Apple has admitted that a large number of its devices have a serious security vulnerability that could allow hackers to take over the devices.
Smartphone users are at risk after the company published two security reports about the flaws but refused to give the specifics about how people would be affected.
Apple has also reportedly stated it was “aware of a report that this issue may have been actively exploited”.
The two vulnerabilities were found in WebKit, the browser engine that powers Safari and other apps, as well as the kernel which is reportedly essentially the core of the operating system.
The issue was discovered by a researcher who reported it but chose to remain anonymous. But in light of the shock revelation, what can Brits do and what devices does it affect?
What should you do?
Apple released a surprise software update in response to the security issues.
Brits who own an Apple project should download these updates as it will help deal with the issues and give your devices better protection.
To install the software, users should head into the Settings App, go to General, then Software Updates.
Similarly, you can just search updates in the settings search bar.
What devices are affected?
The flaws affect IOS, iPadOS and macOS Monterey meaning all of Apple’s most popular devices – iPhones, iPads and Macs – are all impacted.
Models from the iPhone 6S onwards as well as newer versions of the iPads and Macs that run macOS Monterey are believed to be affected.
What has Apple said?
Apple has reportedly said it was aware of reports the security issue had been actively exploited.
On its website it says: “For our customers’ protection, Apple doesn’t disclose, discuss, or confirm security issues until an investigation has occurred and patches or releases are available. Recent releases are listed on the Apple security updates page.
“Apple security documents reference vulnerabilities by CVE-ID when possible. For more information about security, see the Apple Product Security page.”
Referring specifically to the security flaws regarding macOS Monterey 12.5.1 it states: “Kernel. Available for: macOS Monterey. Impact: An application may be able to execute arbitrary code with kernel privileges. Apple is aware of a report that this issue may have been actively exploited. Description: An out-of-bounds write issue was addressed with improved bounds checking. CVE-2022-32894: an anonymous researcher.
“WebKit. Available for: macOS Monterey Impact: Processing maliciously crafted web content may lead to arbitrary code execution. Apple is aware of a report that this issue may have been actively exploited. Description: An out-of-bounds write issue was addressed with improved bounds checking. WebKit Bugzilla: 243557. CVE-2022-32893: an anonymous researcher.”
How does the attack work?
According to Apple the vulnerability could have been exploited by “processing web content” – so accessing a website with malicious code.

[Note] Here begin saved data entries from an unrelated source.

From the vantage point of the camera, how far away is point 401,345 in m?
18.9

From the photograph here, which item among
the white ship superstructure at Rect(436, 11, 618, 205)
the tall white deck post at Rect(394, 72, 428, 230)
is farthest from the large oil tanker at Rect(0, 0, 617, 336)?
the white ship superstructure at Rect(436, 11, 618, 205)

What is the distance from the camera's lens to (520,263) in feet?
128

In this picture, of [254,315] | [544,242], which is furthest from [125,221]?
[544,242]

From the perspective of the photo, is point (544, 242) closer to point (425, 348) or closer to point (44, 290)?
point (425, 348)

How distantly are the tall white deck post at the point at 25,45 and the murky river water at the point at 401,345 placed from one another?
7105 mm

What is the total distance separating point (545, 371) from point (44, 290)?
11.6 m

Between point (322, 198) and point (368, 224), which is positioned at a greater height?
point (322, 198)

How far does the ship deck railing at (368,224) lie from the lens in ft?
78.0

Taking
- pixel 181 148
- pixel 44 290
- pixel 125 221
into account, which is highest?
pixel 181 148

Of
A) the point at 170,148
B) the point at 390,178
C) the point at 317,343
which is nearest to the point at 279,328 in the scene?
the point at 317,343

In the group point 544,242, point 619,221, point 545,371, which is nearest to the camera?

If any hackers could exploit the vulnerability it would allow them to execute code with kernel privilege.
The kernel is a key part of the iOS and it has unrestricted access to all parts of the operating system.
This means any attacker could reportedly have complete control over your device.
Rachel Tobac, CEO of SocialProof Security, said that Apple’s description of the security vulnerabilities means a hacker could get “full admin access to the device” and “execute any code as if they are you, the user”.